Purpose: Ocular implants provide prolonged delivery of therapeutic agents to the eye, minimize systemic drug exposure, and reduce the need of multiple intraocular drug injections. Episcleral implants are ocular drug delivery systems that prolong drug delivery through the transscleral route. Materials currently available for constructing ocular implants are limited. Silicone pressure sensitive adhesives (PSA) are non-toxic and highly compressible, have high cohesive strength, and offer good adhesion to biological substrates. This material can form a polymer-drug matrix that improves drug compactibility and allows prolonged drug release at low polymer content. The objectives of this study were to develop and characterize a silicone PSA episcleral implant system for transscleral delivery of small molecules and macromolecules.

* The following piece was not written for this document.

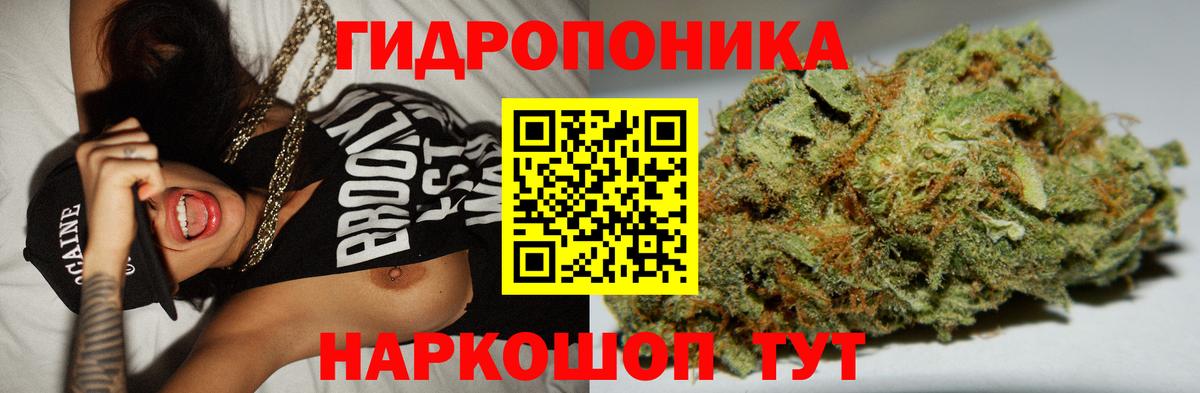 Бошки марихуана гибрид  Бошки Шишки Bruce Banner  Карпинск  Канабис сатива  Вход с VPN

Methods: Dexamethasone, atenolol, and bovine serum albumin (BSA) were selected as the model drugs. Silicone PSA 7-4302 was the polymer used to construct the episcleral implant. The implant had an average diameter of 3.5 mm and thickness of 0.7 mm. In vitro drug release experiments were conducted with implants of varying polymer to drug mass ratios in a well-stirred vial system.

Results: The silicone PSA episcleral implants provided sustained drug release that could last for over one month in the present study in vitro. Drug release from the implants followed a dissolution controlled release mechanism with the higher water solubility drug showing faster release rate than the low solubility drug. Increasing polymer content in the implant led to a significant decrease in the drug release rate.

Conclusions: Drug release from the silicone PSA episcleral implant is influenced by the solubility of the drug and the polymer content in the implant. The episcleral implant demonstrates the ability to provide drug release for an extended period of time, and therefore has the potential to offer safe and effective treatment to chronic ocular diseases via the transscleral route.